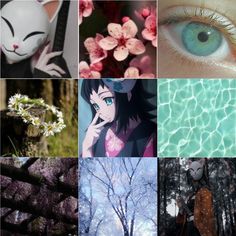 many different pictures with blue eyes and white flowers in the middle one has a cat on it's head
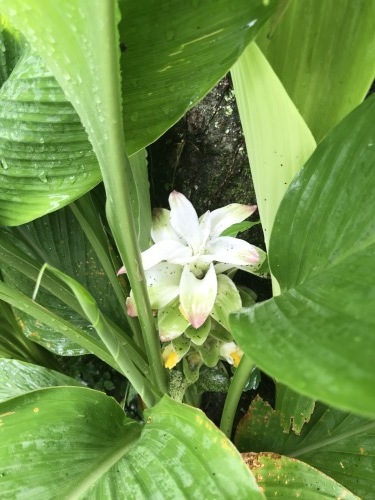 雨上がりいちじく_f0054677_09255212.jpg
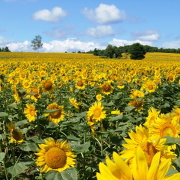 北竜町のひまわり畑 北竜町のひまわり畑
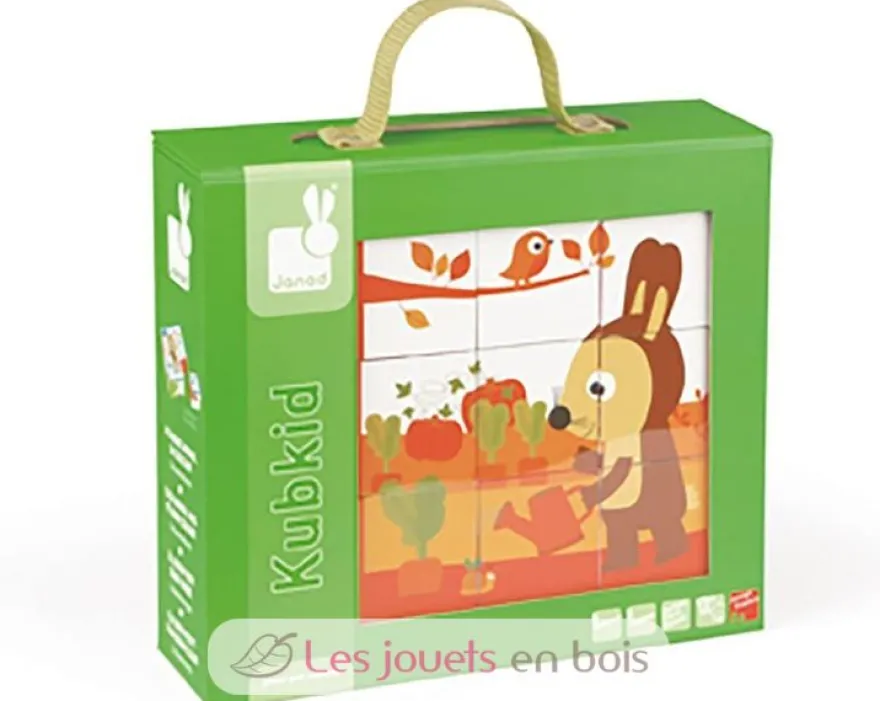 Cubes Color Animal - Janod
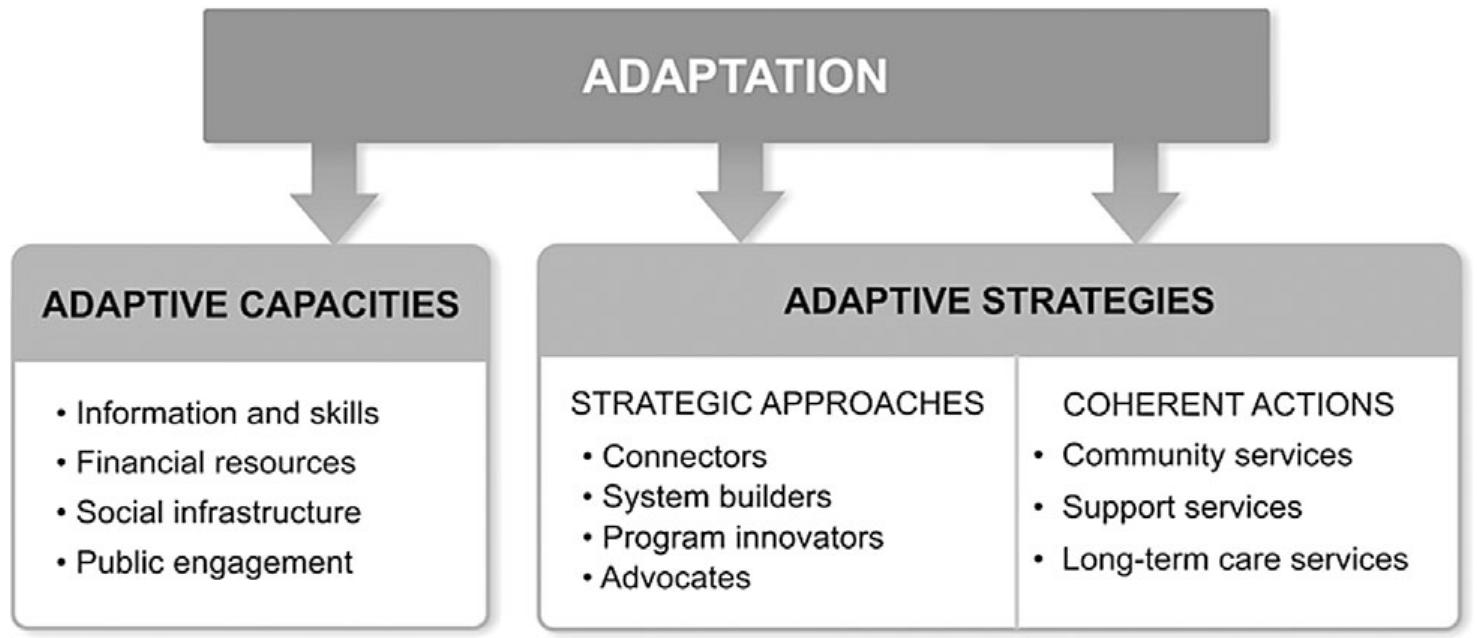 Methods Subcategories Subcategories for the adaptation of local actors. source:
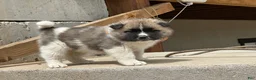 Akita dogs for sale: Tig – Male - Ad 1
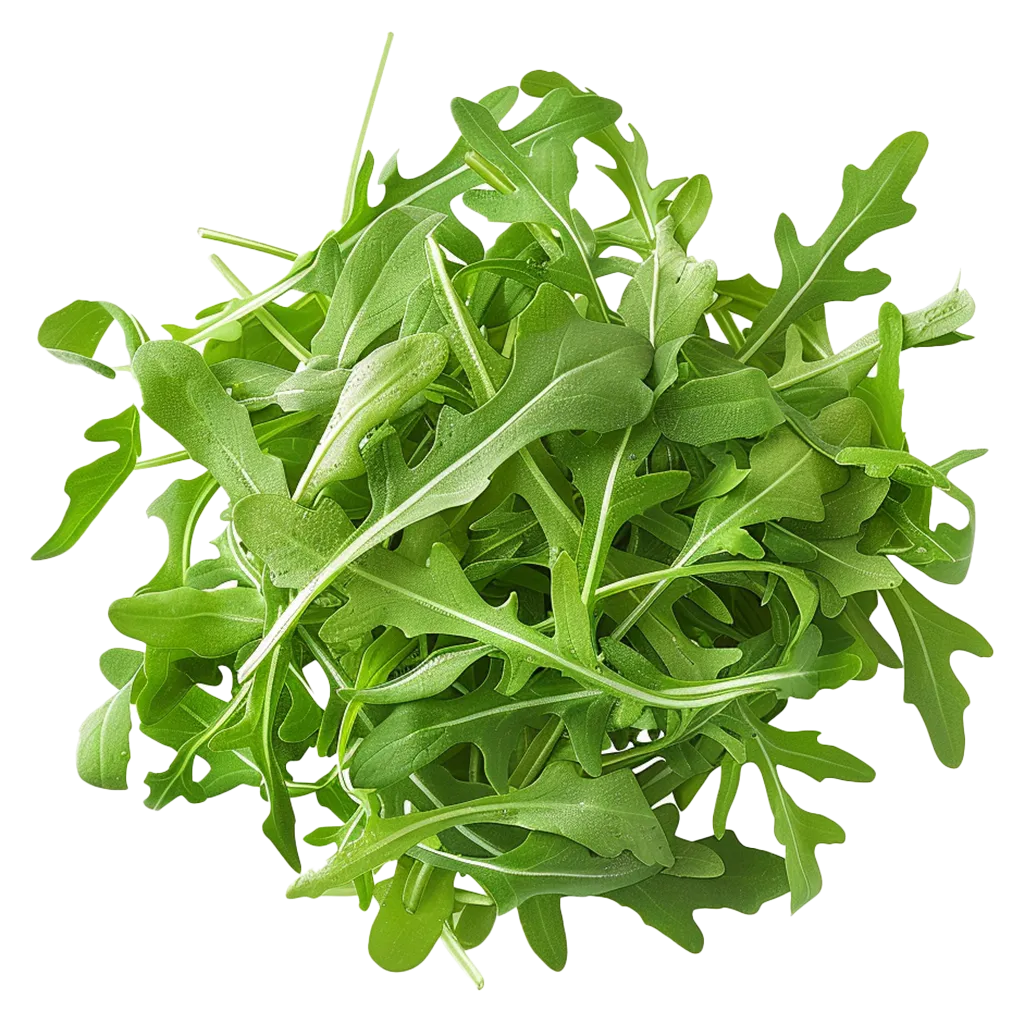 Ein Haufen frischer Rucola-Blätter.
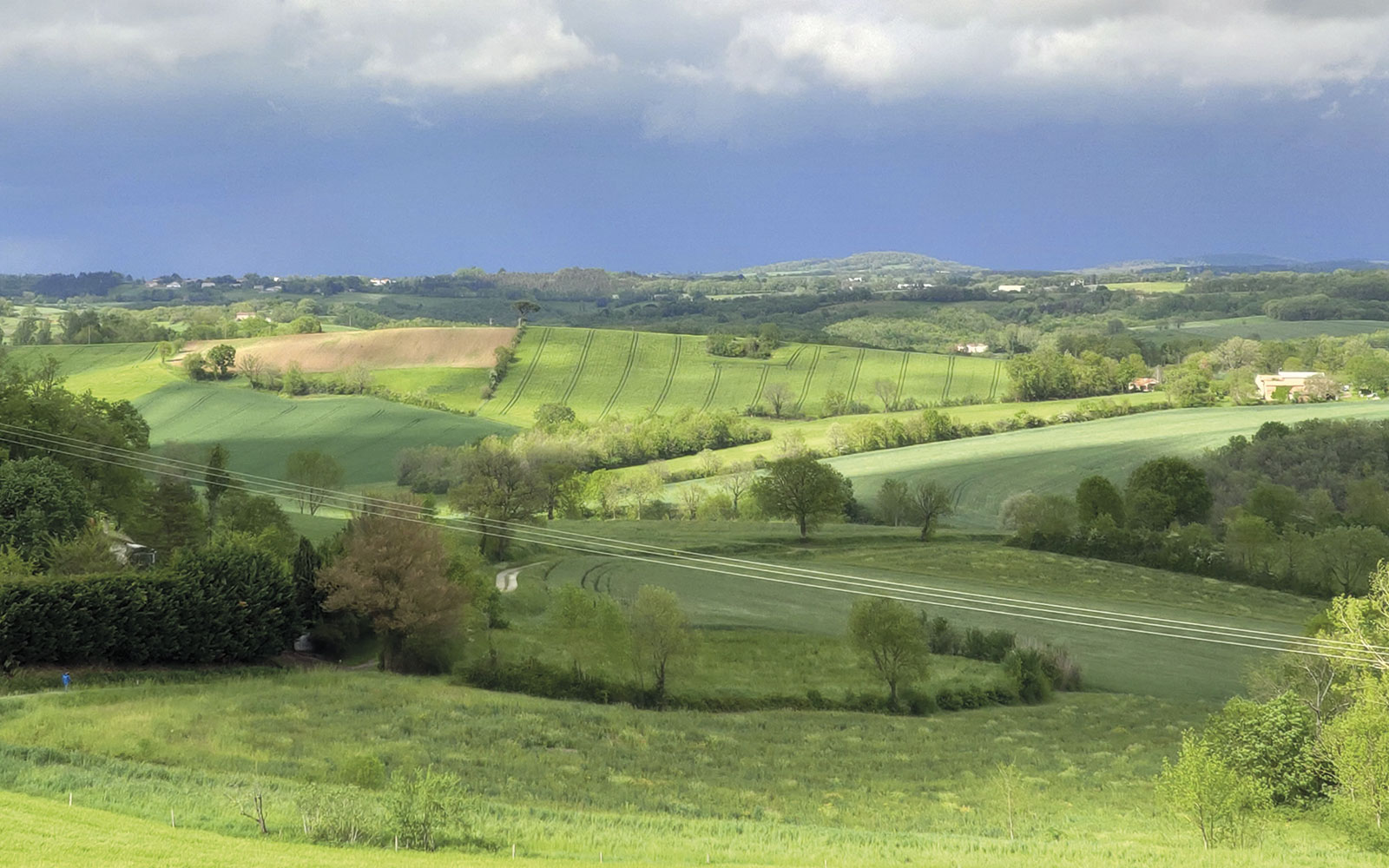 Pour la première fois, des scientifiques ont étudié les effets de différents types d’habitats semi-naturels (prairies temporaires, prairies permanentes, haies) et de la diversité des cultures sur la régulation naturelle des insectes ravageurs et des plantes adventices.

▶ **What to produce**:
Without including any picture, copy the listing above exactly and in full.

▶ **Problem solution**:
 many different pictures with blue eyes and white flowers in the middle one has a cat on it's head
 雨上がりいちじく_f0054677_09255212.jpg
 北竜町のひまわり畑 北竜町のひまわり畑
 Cubes Color Animal - Janod
 Methods Subcategories Subcategories for the adaptation of local actors. source:
 Akita dogs for sale: Tig – Male - Ad 1
 Ein Haufen frischer Rucola-Blätter.
 Pour la première fois, des scientifiques ont étudié les effets de différents types d’habitats semi-naturels (prairies temporaires, prairies permanentes, haies) et de la diversité des cultures sur la régulation naturelle des insectes ravageurs et des plantes adventices.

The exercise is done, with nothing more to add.